- [WHAT IS REQUIRED]: This task calls for the lines below starting at the one containing "Testiera ad orecchio" and ending at the one containing "8/10 Inch Bathroom", repeated exactly with both ends kept and pictures left out.

- [RECORDS TO USE]:
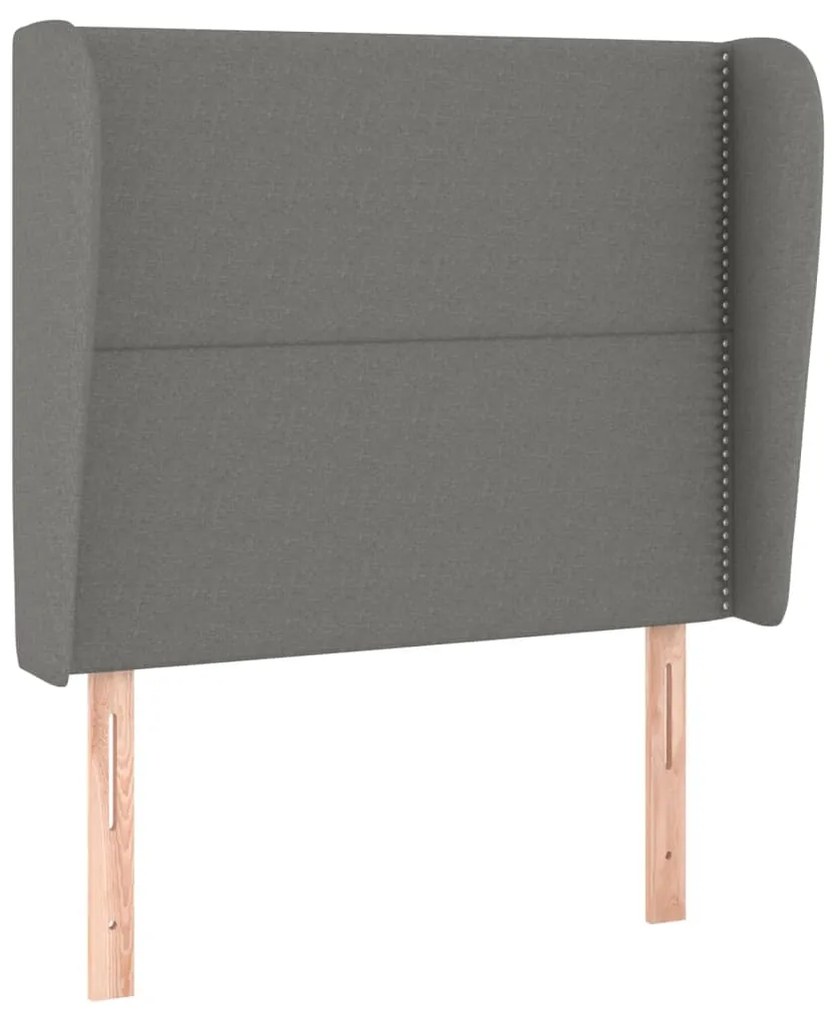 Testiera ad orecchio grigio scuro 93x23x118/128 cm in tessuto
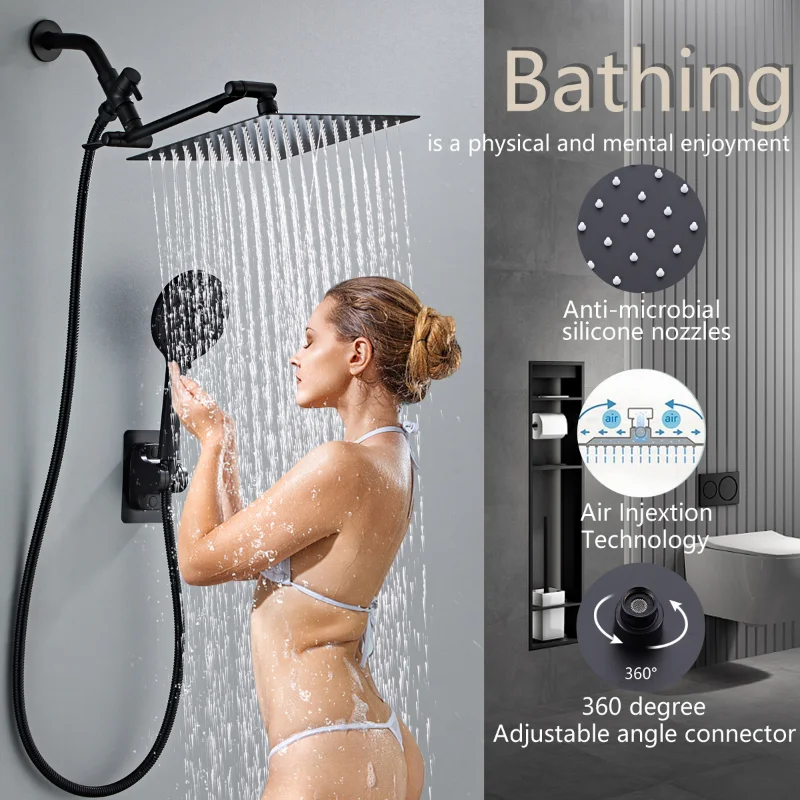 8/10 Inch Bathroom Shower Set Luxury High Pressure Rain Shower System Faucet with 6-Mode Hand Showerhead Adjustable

--

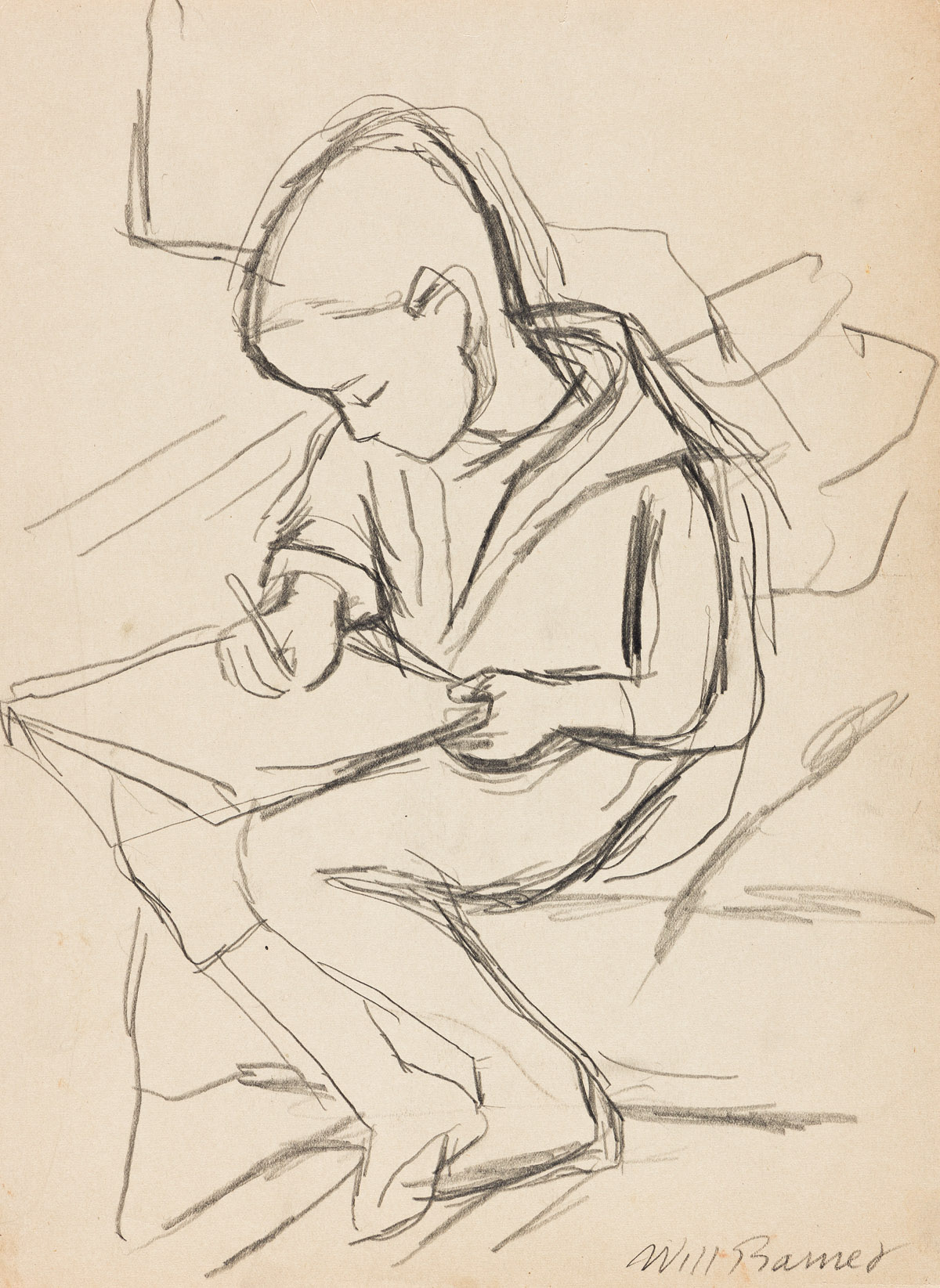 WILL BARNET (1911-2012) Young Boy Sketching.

...

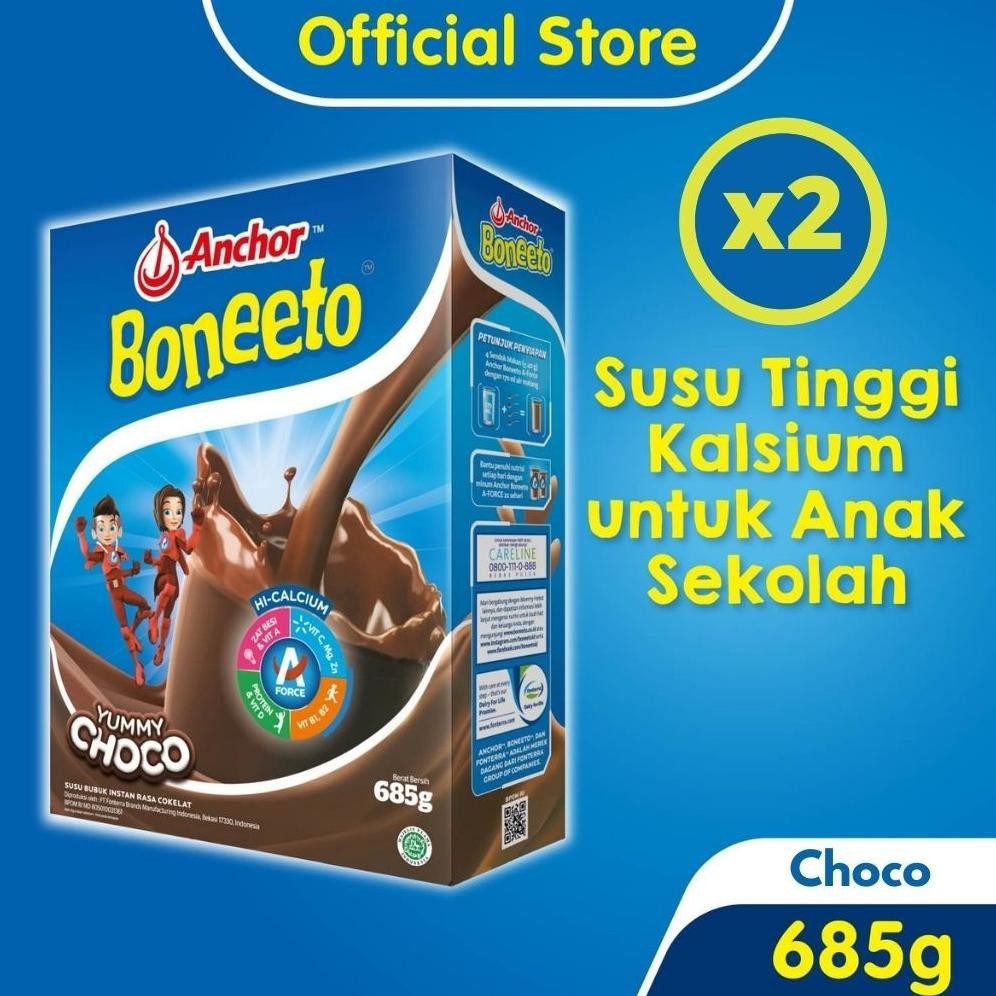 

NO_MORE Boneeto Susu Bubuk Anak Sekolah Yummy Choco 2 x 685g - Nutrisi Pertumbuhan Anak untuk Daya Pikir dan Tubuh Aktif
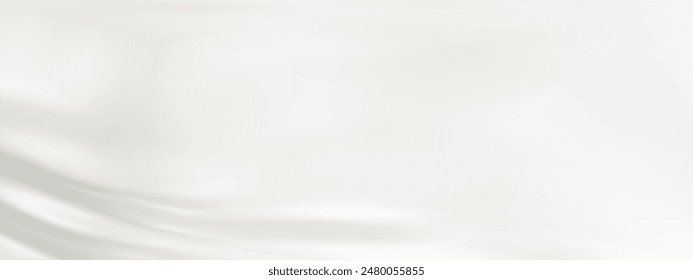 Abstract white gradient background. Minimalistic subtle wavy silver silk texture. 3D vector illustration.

- [ANSWER SPACE]:
 Testiera ad orecchio grigio scuro 93x23x118/128 cm in tessuto
 8/10 Inch Bathroom Shower Set Luxury High Pressure Rain Shower System Faucet with 6-Mode Hand Showerhead Adjustable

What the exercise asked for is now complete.